→ **INSTRUCTIONS TO FOLLOW**:
Although the data below holds other lines too, output only those from the line with "REFRIGERATEUR COMBINE INVERTER" up to and including the line with "Sarawak Selangor Terengganu", exactly as they appear.

→ **LISTED ENTRIES**:

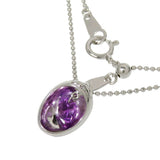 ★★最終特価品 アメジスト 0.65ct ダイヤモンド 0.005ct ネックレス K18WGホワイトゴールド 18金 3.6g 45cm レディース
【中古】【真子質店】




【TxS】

--

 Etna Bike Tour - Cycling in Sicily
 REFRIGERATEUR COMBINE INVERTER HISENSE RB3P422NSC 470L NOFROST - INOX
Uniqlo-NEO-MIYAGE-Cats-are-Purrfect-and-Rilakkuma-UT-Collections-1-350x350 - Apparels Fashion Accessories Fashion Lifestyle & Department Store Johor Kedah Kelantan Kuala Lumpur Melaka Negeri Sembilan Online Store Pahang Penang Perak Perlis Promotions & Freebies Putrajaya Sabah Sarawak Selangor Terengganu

→ **REPLY TO THE EXERCISE**:
 REFRIGERATEUR COMBINE INVERTER HISENSE RB3P422NSC 470L NOFROST - INOX
Uniqlo-NEO-MIYAGE-Cats-are-Purrfect-and-Rilakkuma-UT-Collections-1-350x350 - Apparels Fashion Accessories Fashion Lifestyle & Department Store Johor Kedah Kelantan Kuala Lumpur Melaka Negeri Sembilan Online Store Pahang Penang Perak Perlis Promotions & Freebies Putrajaya Sabah Sarawak Selangor Terengganu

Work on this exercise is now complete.